Given material:
=== Begin Enclosure ===

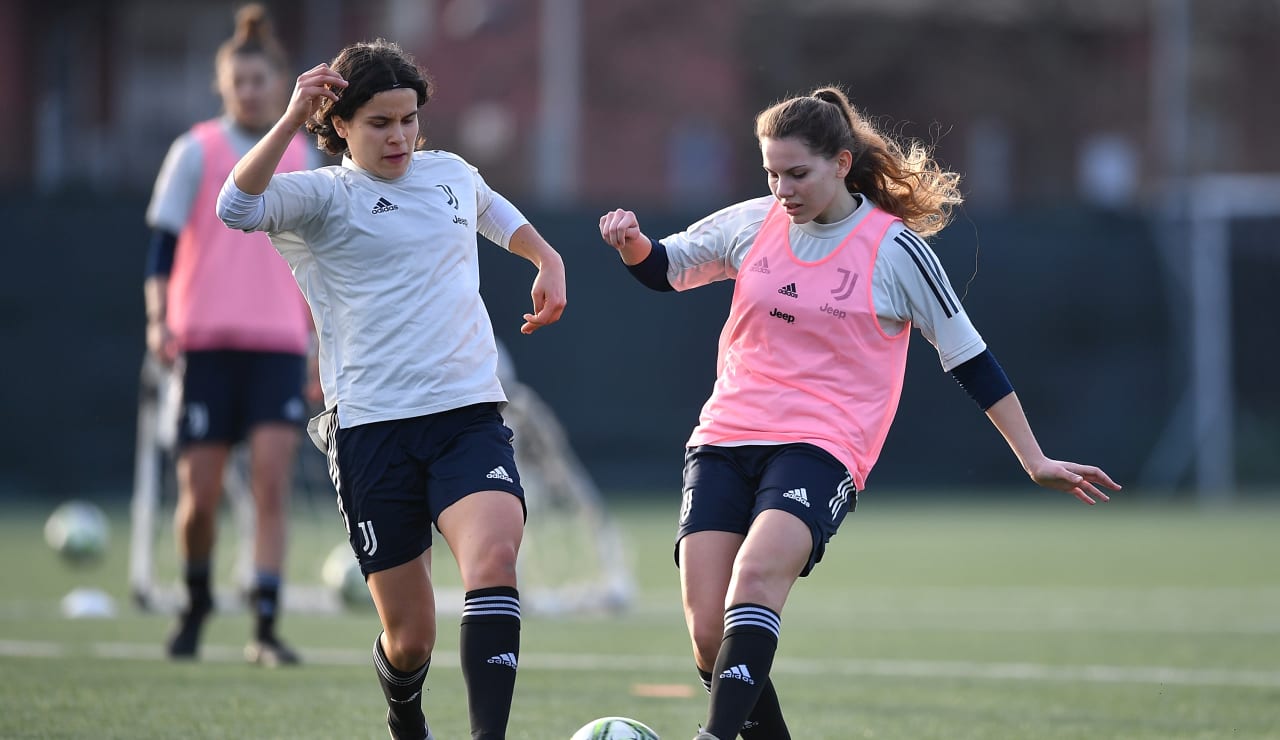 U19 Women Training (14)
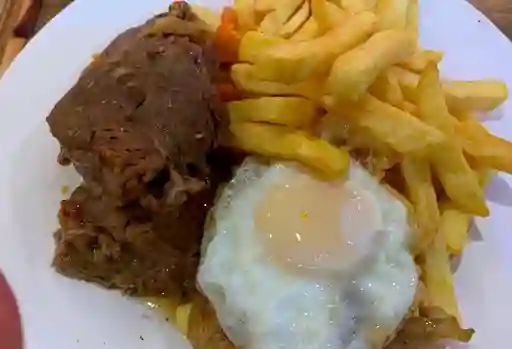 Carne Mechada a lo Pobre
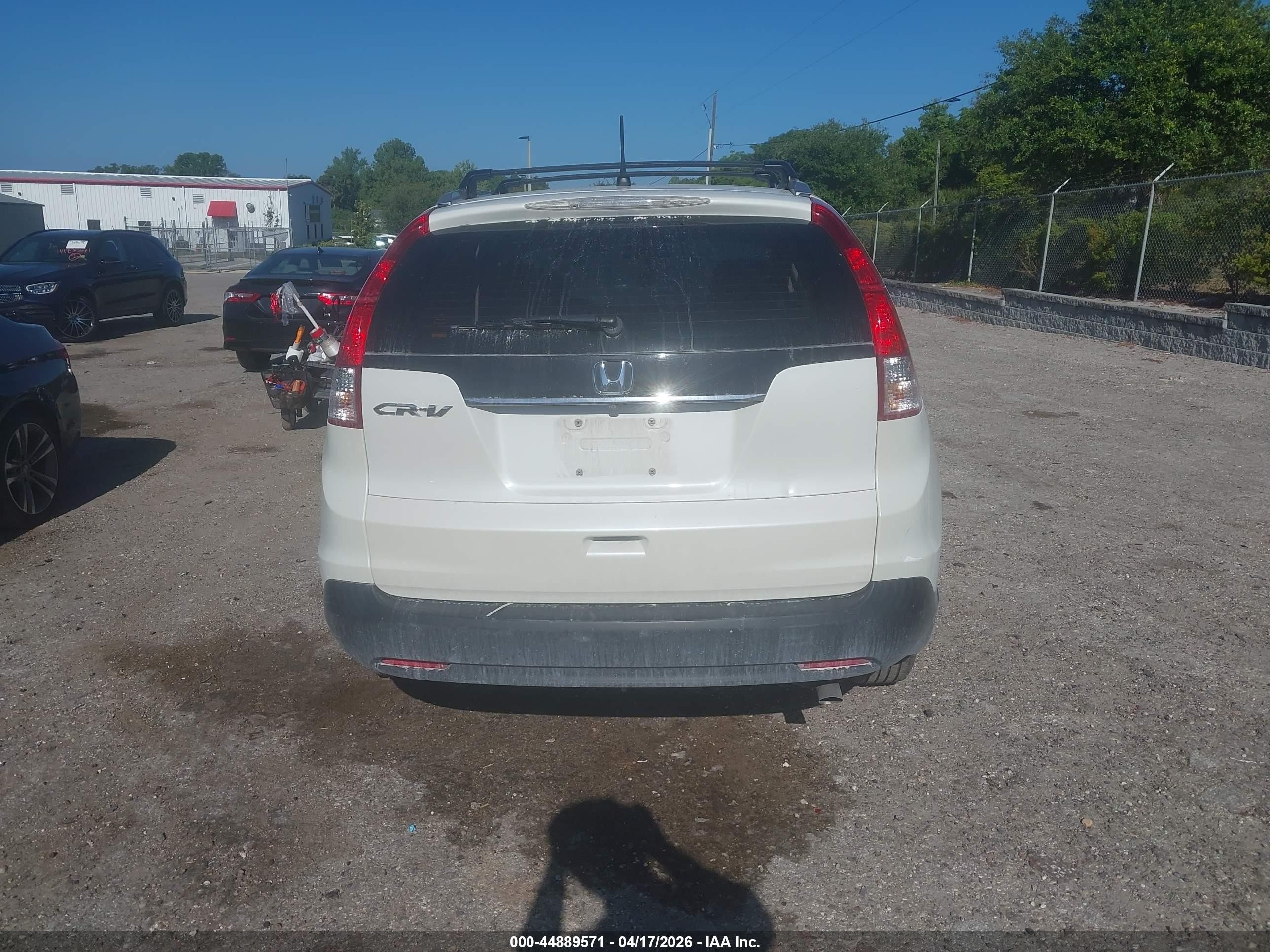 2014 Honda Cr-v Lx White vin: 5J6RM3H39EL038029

=== End Enclosure ===

Only the text of the listing above is wanted, transcribed exactly, without its images.

 U19 Women Training (14)
 Carne Mechada a lo Pobre
 2014 Honda Cr-v Lx White vin: 5J6RM3H39EL038029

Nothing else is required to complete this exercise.